Sql-server – Best approach to have a Live copy of a table in the same database

sql serversql-server-2008-r2

I have a table where 15,000 to 20,000 rows are being inserted every hour.

Table Schema is something like

ColumnName   DataType
ID           BIGINT IDENTITY(1,1)
Column1      INT
Column2      INT
Column3      DATETIME DEFAULT = GETDATE()

No row is ever update nor deleted. As you can imagine table grows huge in very short time.

The table is queried as well time to time. SELECT statements with filtering on DATETIME column and sometimes other filtering on INT column too.

To my knowledge, I have two options

  1. indexing columns (Datetime, some int columns) to get better performance on select statements and get a performance hit on my INSERTS

OR

  1. Keep indexing minimum, Primary key Clustered index and a Datetime index and keeping the inserts very fast and get a performance hit on selects.

Another option that was suggested to me, was to create another table, Populate that table from this current table and index the living hell out of it to help all the possible select queries. Read data from this duplicated table.

Keep the original table as it is with minimum indexing, for quick inserts.

Since I am duplicating the data, I know this option violates the basic rules of normilazation, but this sounds like a good option for keeping inserts and reads as fast as possible.

The problem is how can I maintain this near real time copy of this table inside the same database.

I do not want to use any After Insert triggers as this will end up firing 15,000 to 20,000 times an hour.

What other options I have to keep this near real time copy of table in the same database??? Or maybe another approach altogether, any suggestion or pointers in the right direction are much appreciated.

Best Answer

20,000/60 = 333 records per minute is not that rate where you worry about inserts, even if they are burst. Of course it depends on your hardware, but since your table is rather huge, you need something big. So I would defenitely create 1 or 2 indexes (you can omit clustered) to speed up your queries.

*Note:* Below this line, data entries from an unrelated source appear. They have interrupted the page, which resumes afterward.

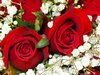 Red Roses Picture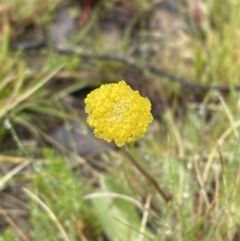 Craspedia variabilis (Common Billy Buttons) at Mount Clear, ACT - 23 Oct 2022 by Mavis
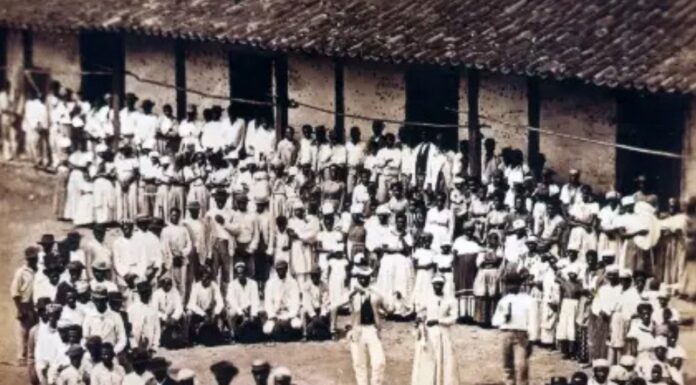 CRÔNICA – NÓS, SOMOS O SONHO DOS NOSSOS ANCESTRAIS.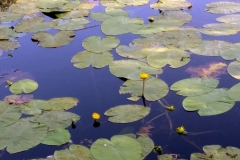 20180602_174108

At a higher insert rate you probably go with partitioning and split PAGELATCH contention between partitions. Or you could use a variation of GUID clustered primary key. There is a lot of arguing here and you may want to check Tom Kejser blog post here.

Also there is no shame if you go below 3NF. People create highly denormalized data shops just for reporting purposes. Since you have enterprise edition you could use CDC (Change Data Capture) technique and create SSIS package to update reporting table, at a time you need fresh data.